Stichting Jeugdbescherming west Haaglanden,

hierna te noemen: de gecertificeerde instelling,
betreffende:
- [minderjarige 1]geboren op [geboortedag 1] 2014 te [geboorteplaats]
hierna te noemen: [minderjarige 1] ;
- [minderjarige 2]geboren op [geboortedag 2] 2015 te [geboorteplaats]
hierna te noemen: [minderjarige 2] .
De kinderrechter merkt als belanghebbenden aan:

[de man] ,

hierna te noemen: de vader,
wonende te [woonplaats]

[de vrouw]

hierna te noemen: de moeder,
wonende te [woonplaats]
advocaat: mr. E.E. Nauta-Rijsdijk, te Rotterdam,

[pleegouders] , hierna te noemen: de pleegouders.

Het procesverloop

Bij beschikking d.d. 2 februari 2021 van de kinderrechter in deze rechtbank is de ondertoezichtstelling van [minderjarige 1] en [minderjarige 2] verlengd van 4 februari 2021 tot 18 maart 2021 en voor dezelfde duur machtiging verlengd [minderjarige 1] en [minderjarige 2] gedurende dag en nacht uit huis te plaatsen in een voorziening voor pleegzorg. De behandeling voor het overige is aangehouden tot deze zitting.
De kinderrechter heeft kennisgenomen van de stukken, waaronder thans ook:
  • voornoemde beschikking d.d. 2 februari 2021;
  • het onderzoeksverslag haalbaarheid terugplaatsing [minderjarige 1] van Family Supporters d.d. 16 maart 2021;
  • het onderzoeksverslag haalbaarheid terugplaatsing [minderjarige 2] van Family Supporters d.d. 16 maart 2021;
Op 16 maart 2021 is de behandeling van de zaak ter zitting met gesloten deuren voortgezet.

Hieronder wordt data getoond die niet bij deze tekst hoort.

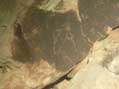 Indian Petroglyph, Petrified National Forest, AZ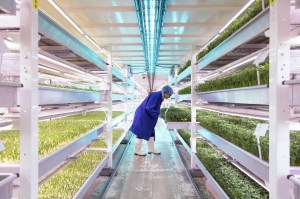 Why high-rise farms could save the world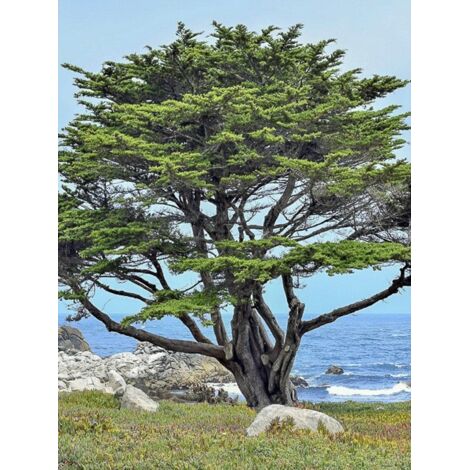 Cyprès de Monterey, Cyprès de Lambert Pot de 2L/3L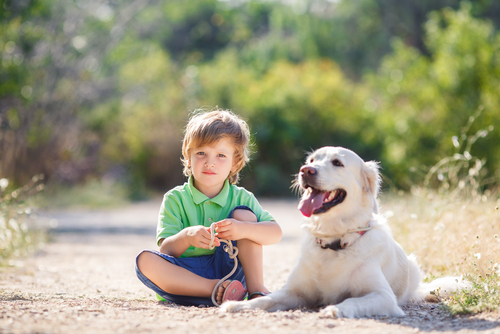 shutterstock_317183798.jpg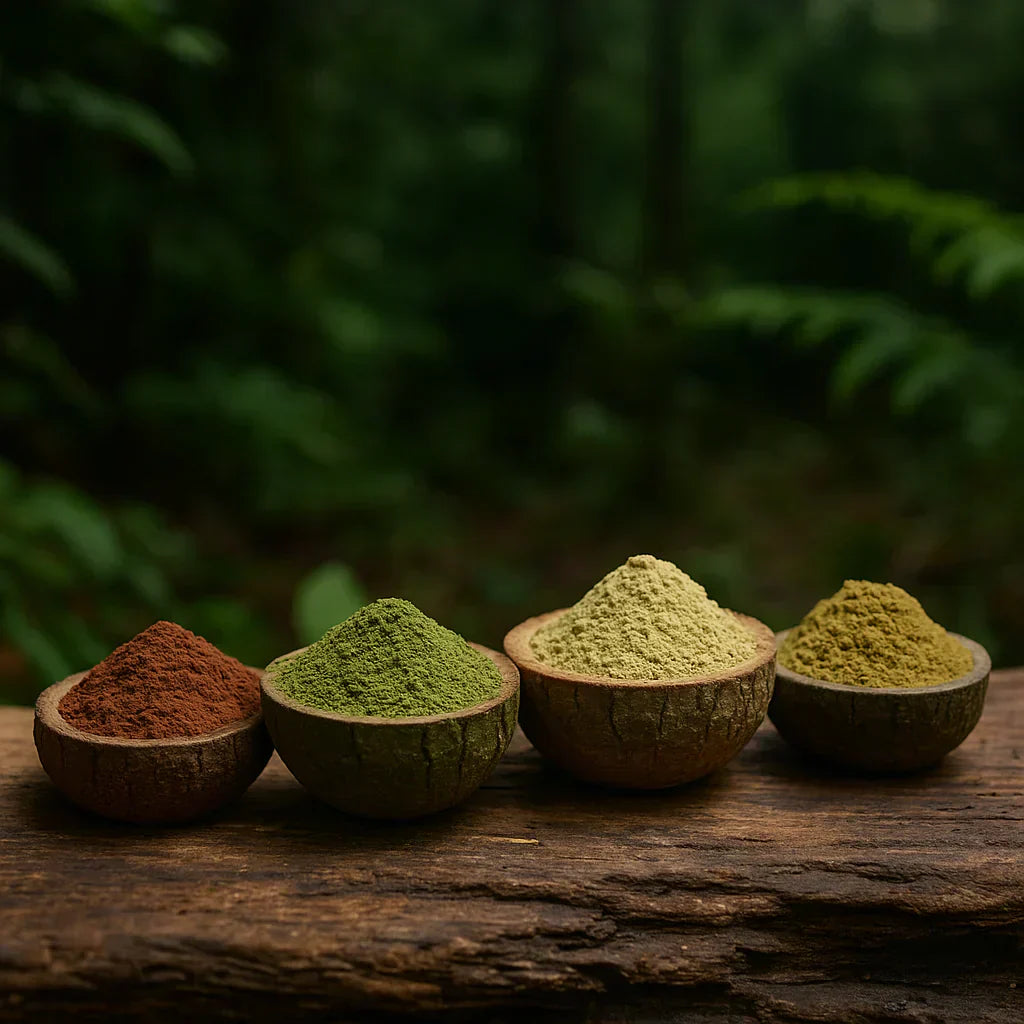 ¿Qué tipo de kratom va contigo? ¿Blanco, verde, rojo o dorado?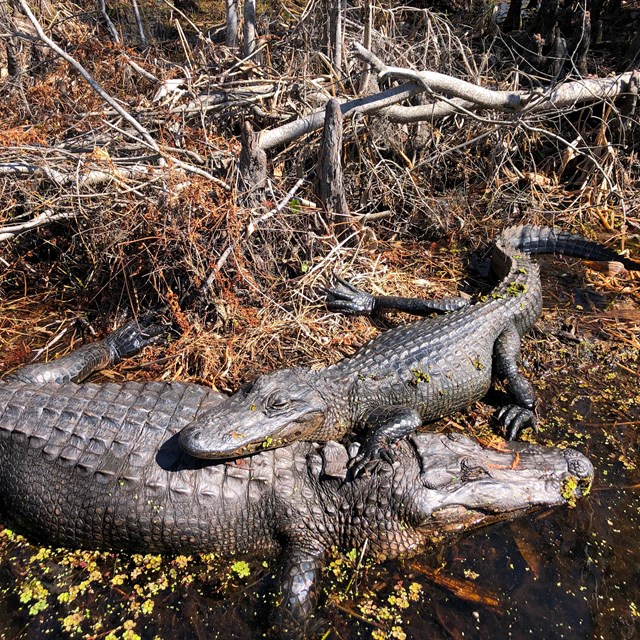Small alligator lays on top of large alligator, both surrounded by mud, water, and vegetation.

Daarbij zijn verschenen:
  • mevrouw [vertegenwoordiger van de GI] namens de gecertificeerde instelling;
  • de vader;
  • de moeder, bijgestaan door haar advocaat en een tolk in de Spaanse taal de heer V. Duivesteijn;
  • de pleegouders;
  • mevrouw [informant] namens Family Supporters als informant;
  • mevrouw [pleegzorgwerker] van Horizon als informant;
  • mevrouw [toehoorder] van de Kessler Stichting als toehoorder.

Verzoek

Het verzoek strekt tot verlenging van de ondertoezichtstelling voor de periode van één jaar, alsmede tot verlenging van de machtiging uithuisplaatsing van [minderjarige 1] en [minderjarige 2] in een voorziening voor pleegzorg voor de duur van zes maanden.
Aan het verzoek ligt het volgende ten grondslag. De Raad voor de Kinderbescherming heeft onderzoek gedaan naar een gezagsbeëindigende maatregel en er is besloten geen verzoek in te dienen. Family Supporters heeft de inschatting gemaakt dat terugplaatsing van de kinderen bij de moeder passend is. De zorgen uit het verleden zijn niet meer aanwezig. Uit het advies van de gedragswetenschapper blijkt dat de moeder de capaciteiten heeft om weer voor de kinderen te kunnen zorgen. De moeder is een belangrijk hechtingsfiguur voor de kinderen. De komende tijd moet er een terugplaatsingsplan worden gemaakt, de rol van de pleegouders is hierbij van belang. Om de terugplaatsing bij moeder te kunnen monitoren is verlenging van de ondertoezichtstelling en machtiging tot uithuisplaatsing noodzakelijk.
De moeder heeft, mede bij monde van haar advocaat, ingestemd met het verzochte. De moeder heeft verklaard dat ze in het verleden een fout heeft gemaakt, maar dat ze daar van heeft geleerd en er alles aan heeft gedaan om dit te herstellen. De moeder werkt overal aan mee en het onderzoek heeft aangetoond dat ze de kinderen kan opvoeden. De moeder wil de veilige terugkeer van de kinderen waarborgen en de band die ze hebben opgebouwd met de pleegouders respecteren. De advocaat heeft namens de moeder naar voren gebracht dat uit het rapport van Horizon blijkt dat het te lang heeft geduurd voordat het perspectief is bepaald. De moeder heeft veel contact met de kinderen en heeft laten zien dat ze de zorg aankan. De omgang is steeds meer uitgebreid en de moeder komt de afspraken na. De komende maanden is de machtiging tot uithuisplaatsing nog nodig om de terugplaatsing geleidelijk aan te realiseren.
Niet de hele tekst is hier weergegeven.